ノーヴァヤ・アリョーノフカ村出身のボリス・スモリヤニノフさんは、テレビ局「ノヴォヴォロネシコエ・ケーブル・テレビ」からのインタビューに答えた中でこの銅像について、「アリョンカはわたしたちの街にとっての、若者たちが言うところの、チャレンジであり、スタートアップであり、ブランドであり、ハイプであり、PRであり、お守りであり、名刺がわりのものであり、ルックなのです」と語っている。
ソーシャルネットワーク上では、ユーザーたちが、アリョンカの銅像が恐ろしい姿をしていると話題にし、嘲笑するようになった。ツイッターのユーザーの一人、@sidelnikoffさんは、銅像はまるでロックミュージシャンのマリリン・マンソンのようだと指摘した。
@helensmail558さんは、この銅像に「黙示録の後のアリョーヌシカ」という名前をつけ、ロシアのチョコレート「アリョンカ」の女の子がこんな顔だったらどうなっていただろうかと疑問を投げかける。
この顔は、同じタイトルを持つ、ロシアの偉大な画家、ヴィクトル・ヴァスネツォフの作品にもはめられた。
一方、@tprk_nstさんは、銅像をホラー映画「死霊館のシスター」の登場人物と比較しつつ、「ノヴォヴォロネジのアリョンカは、何かすごいことをやってみようというわたしのあらゆる試みを擬人化したもの。

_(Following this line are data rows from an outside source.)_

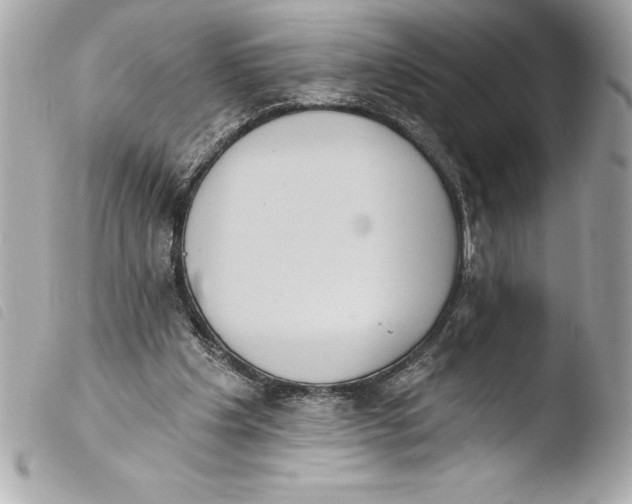 X0000103950201200810031354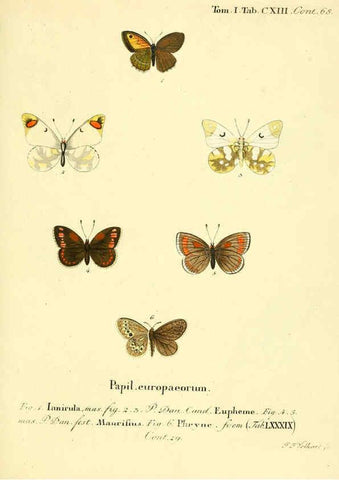 Reproducción/Reproduction 6102782125: Die Schmetterlinge in Abbildungen nach der Natur. v.1 plates. Leipzig :T.O. Weigel,[1829-1839] 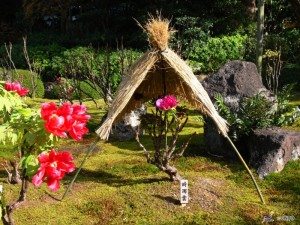 Unique Japan Tours Matsue Yushi-en Garden Covered Plant
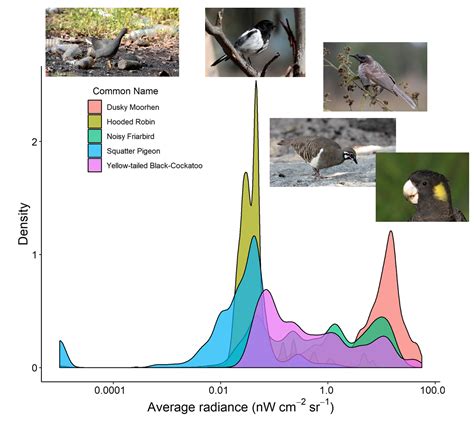Generalists are the most urban-tolerant birds - The Australian Museum Blog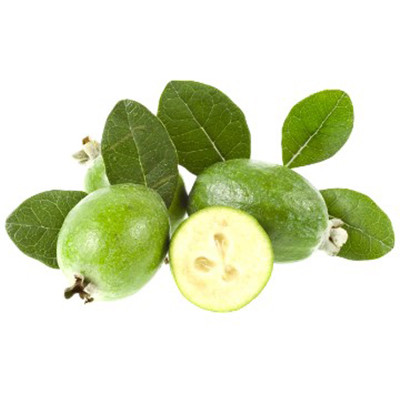 Саджанці фейхоа Тріумф - 1-річний Чернівці - фото 1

すべての試みに関わらず、結局はアリョンカだった」と書いている。
また@Wertongenさんの想像では、アリョーヌシカの夫はきっとこんな顔に違いない・・・
映画「スターウォーズ」のC-3POは、実は彼女の弟なのである。
「2020年がこんな年だったので、こんなアリョンカになった」と@AllaProさんは総括している。
地元の人々もこの銅像に不満で、ソーシャルネットワーク上で撤去を求めた。
ノヴォヴォロネジのウラジーミル・レシェンコ市長は、イタル・タス通信からのインタビューに応じ、銅像に対する中傷や否定的な意見について、「まず言いたいのは、銅像の建立には市の予算は使われていないということです。銅像の製作から設置まで、すべては発起人グループが行いました。(中略)少女の体型は少し太くて大きく、眼差しは重苦しい感じがしますが、それは素材が金属であるためで、金属を彫像するのは難しいからです」とコメントしている。
そして12月21日、地元住民の反対により、銅像は解体された。
「いまのところ、銅像は市営企業の公共の倉庫に保管されています。 新年が明けたら、発起人グループがもう一度集まり、彫刻家や建築家を呼び込むことにしています。そして、この銅像をどうするかについて決定を下すことになっています。完成させることになるか、あるいは何か別の形になるかは分かりません」と市管区のアレクセイ・ドロシェンコ副首長は述べている。
しかし、地元住民の中には、このちょっと変わった銅像が気に入ったという人もいる。
銅像が撤去されるというニュースを知ったドミトリー・セミョーノフさんは、「どうして人は新しいものを受け入れようとしないのだろうか。なんでも、標準に合わせて、紋切り型のものを作って、理想の女性の美を表現しなければならないということなのだろう。アリョンカは永遠にわたしの胸に残るだろう」と綴っている。